In recent years, with the effective implementation of China’s Air Pollution Prevention and Control Action Plan (APPCAP), the air pollution problem significantly improved [6]. However, Chinese residents are still exposed to PM2.5 concentrations more than six times greater than the World Health Organization’s (WHO) annual standard (5 µg/m3), issued in September 2021. While there is a significant downward trend in PM2.5 concentrations, O3 concentrations are currently increasing [7]. In this context, to formulate and implement effective air-pollution prevention and control strategies in China, and to clarify the characteristics of PM2.5 and O3 pollution, it is important to identify areas that are suitable for combined pollution prevention and control [8].
Previous studies analysed PM2.5 and O3 from different aspects, such as their formation mechanisms [9], temporal and spatial distributions [10], and regional transmission [11], and the effects of anthropogenic emissions [12], meteorology [13,14], and policy [15]. Moreover, studies on temporal and spatial changes in PM2.5 and O3 concentrations at local, regional, and national scales found that air-pollutant concentrations are spatially heterogeneous [16,17,18,19]. However, current regional-scale research either focuses on the characteristics of a single air pollutant, or on the influences of policy on the six major air pollutants (PM2.5, PM10, O3, NO2, CO, SO2). A poor overall understanding of the spatio-temporal dynamics of PM2.5 and O3 pollution characteristics remains. In studying spatial distributions, Tan et al. argued that 1 km resolution raster data better capture air pollution trends in urban and suburban areas [20]. Thompson and Selin proposed that O3 data with a resolution of <12 km are unsuitable for air pollution exposure studies [21]. These studies show that spatially continuous high-resolution raster data obtained from remote sensing are better for the spatial and temporal analysis of air pollutants than data from ground monitoring stations, which are usually unevenly distributed [22].
To address large-scale and regional air pollution in China, the government proposed the Joint Prevention and Control of Air Pollution policy (JPCAP).

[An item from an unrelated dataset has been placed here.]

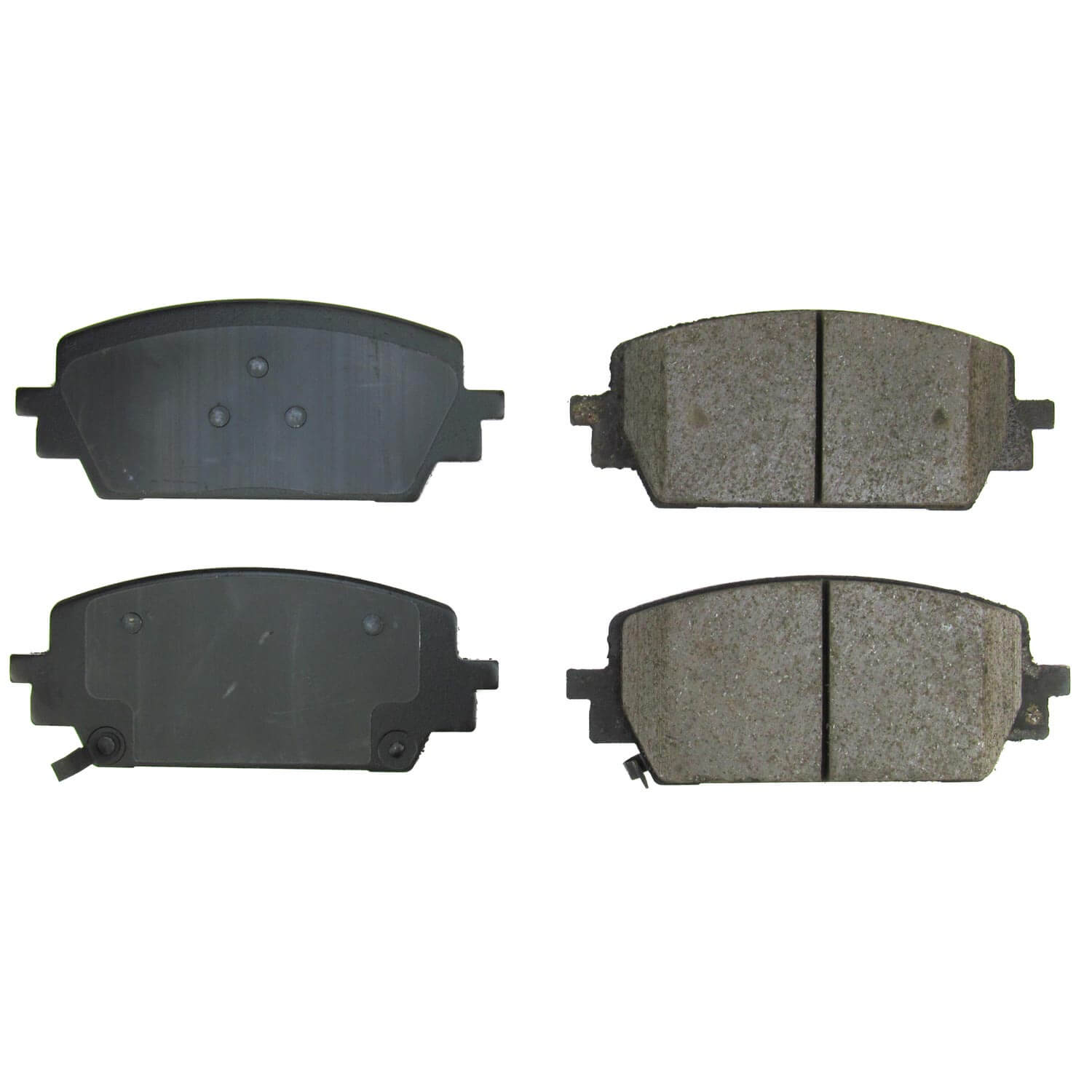 Power Stop 16-2380 Z16 Evolution Clean Ride Low-Dust Ceramic Front Brake Pads for 2022 Hyundai Santa Cruz Limited, SE, SEL, SEL Premium product image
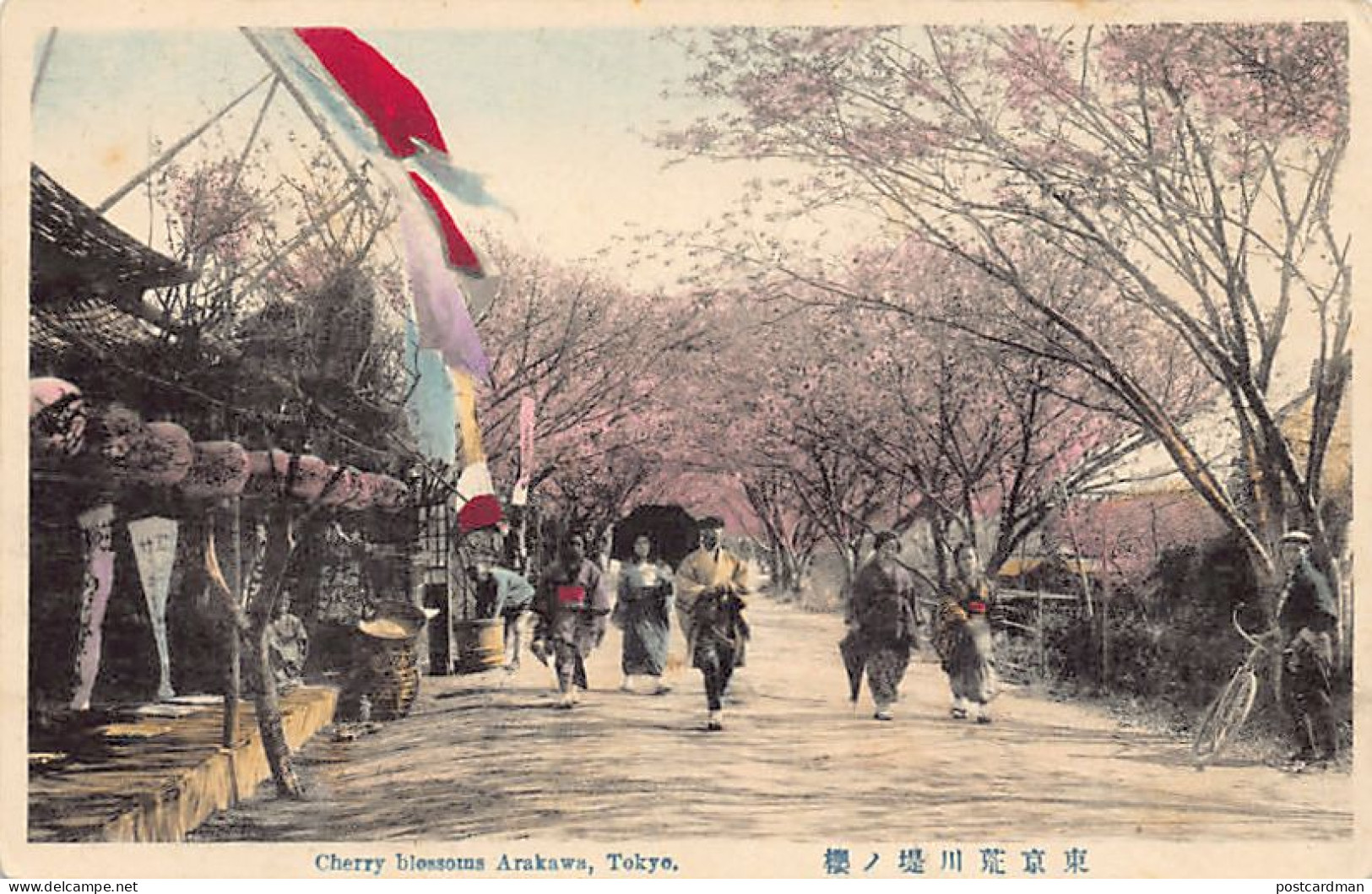 Japan - TOKYO - Cherry Blossoms Arakawa - Tokyo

Researchers are focusing on how to accurately define the scope of the JPCAP and prioritise pollution prevention and control in various regions. Some previous studies analysed data from air quality monitoring stations, and based on this, allocated PM2.5 or O3 JPCAP regions and regional priorities in the Beijing–Tianjin–Hebei (BTH) region [23], the YRD [24], and all of China [25] according to economic, societal, or geographic perspectives. These studies used administrative boundaries as prevention and control boundaries and provide some reference for the implementation of China’s JPCPA policy. However, the pollution types (PM2.5 pollution, O3 pollution, and combined pollution) considered in current air pollution coordinated prevention and control programs are too rigid in the context of increasingly complex air pollution conditions, and there are no reports that consider the classification of transitional pollution types. In addition, as the grid management of air pollution prevention and control has been carried out in various parts of China, the current single pollutant prevention, and control areas and priorities divided by administrative boundaries, cannot meet the practical needs of coordinated control of complex pollution. Therefore, there is an urgent need to carry out research on the coordinated prevention and control of PM2.5 and O3 pollution at a finer region scale.
Based on the above background, this study focused on pollution control in the YRD, which has characteristics (e.g., meteorology, topography, and economic development level) that vary both between coastal and inland areas. Ground monitoring data and high-resolution remote sensing data were used to analyse the spatio-temporal characteristics of PM2.5 and O3 pollution. To divide the air pollution prevention and control regions at a finer level and fill the gap of the lack of pollution transition state in the current classification of pollution types, we proposed a method for dividing these regions based on a pollution level threshold. Four indicators (PM2.5 concentration and its rate of change, O3 concentration and its rate of change) were used to comprehensively evaluate the degree of trend development in prevention and control regions.

2. Materials and Methods

2.1. Study Area

The YRD region includes Shanghai, Jiangsu Province, Zhejiang Province, and Anhui Province, China, and includes 41 cities (Figure 1). The YRD is located in the lower reaches of the Yangtze River and has a typical subtropical monsoon climate with high temperatures and precipitation in summer, and low temperatures and wet cold in winter. The YRD is oriented from north to south and has variable topography. The northern region is a plain, while the southwest is mostly mountainous and hilly, and the eastern region has cities located close to the Yellow Sea and East China Sea. As one of the most active economic regions in China, the YRD has a development pattern of “one core and five circles”, where Shanghai is the core and accounts for 24.5% of the national economy. Along with rapid economic development, the YRD is facing degradation in ecosystem functions and environmental quality [26].

2.2. Data Sources

2.2.1. Ground-Monitored Air Pollutant Data

We collected hourly PM2.5 and O3 concentration data from a total of 191 sites in 41 cities (mainly urban areas) in the YRD region from 1 January 2015 to 31 December 2020 (Figure 1; data obtained from the China National Environmental Monitoring Centre, CNEMC). We used ground-monitored data from air sampling stations to study the temporal changes in PM2.5 and O3 concentrations and verify the accuracy of PM2.5 and O3 remote sensing data. Since the gas observation conditions changed from 273 K and 1013 hPa to 298 K and 1013 hPa, respectively, after 31 August 2018, we multiplied the O3 concentrations for September 2018 and afterwards by a factor of 1.09375 [27]. In addition, we selected the maximum daily 8 h average (MDA8) concentration of O3 to represent the day’s O3 pollution.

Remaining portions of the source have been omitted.